Every loss carried by the airline eventually becomes part of the national burden.
Every management failure becomes a taxpayer problem.
Every act of indiscipline on board damages the reputation of a country that can least afford further embarrassment in aviation.
The issue is therefore bigger than one image or one Cabin Manager.
It raises a wider question about what level of discipline exists inside SriLankan Airlines today, whether union influence has weakened accountability, and whether management is willing to enforce rules equally against all employees, regardless of seniority, influence, or internal connections.
SriLankan Airlines must now explain whether an inquiry has been launched into the image, whether the person shown was on active duty at the time, whether the use of personal entertainment devices while seated on a crew jump seat is permitted, and whether such conduct complies with airline safety and service procedures.
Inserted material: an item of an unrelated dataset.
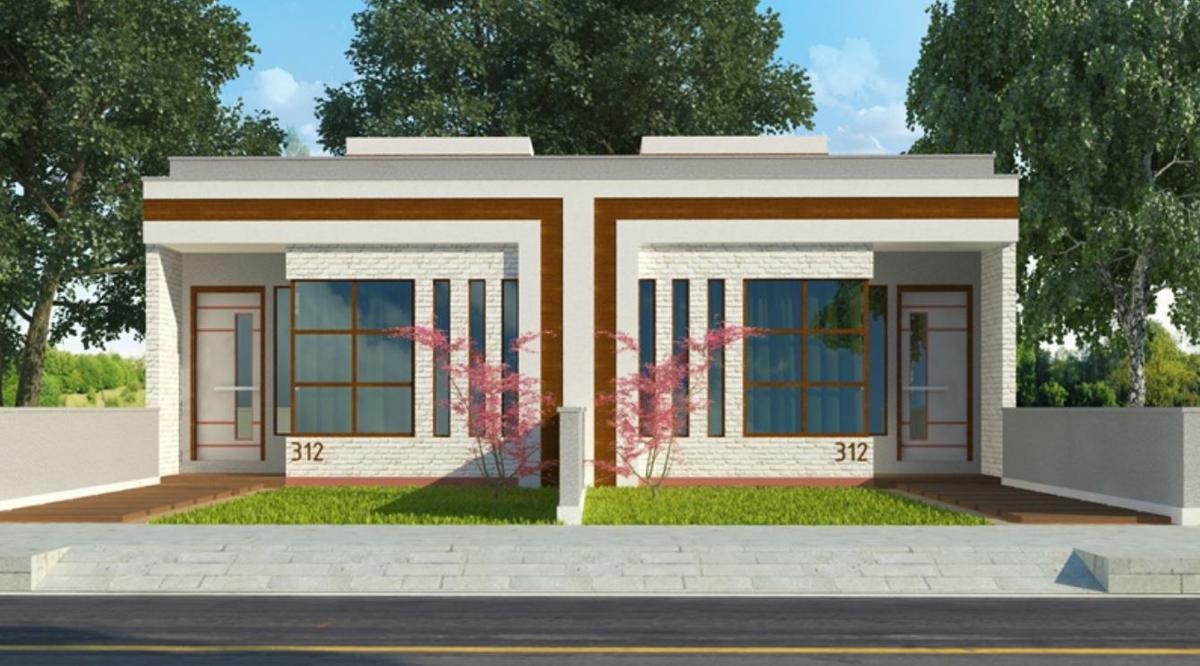 Casas sencillas y elegantes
The airline must also clarify whether passengers on that flight received the full level of service expected from a senior cabin crew member, or whether the rest of the crew had to compensate for one individual’s alleged failure to perform.
For an airline surviving on public money, silence is not an option.
Sri Lankan taxpayers deserve to know whether their money is being used to maintain a disciplined national carrier or to protect a culture where some employees believe they can do as they please at 35,000 feet.
At a time when the airline continues to burden the Treasury, the public should not be expected to fund in-flight movie sessions for staff who are paid to work, serve, and safeguard passengers.
SriLankan Airlines has always asked the public to believe in its safety, service, and national value.
But incidents like this make that belief harder to defend.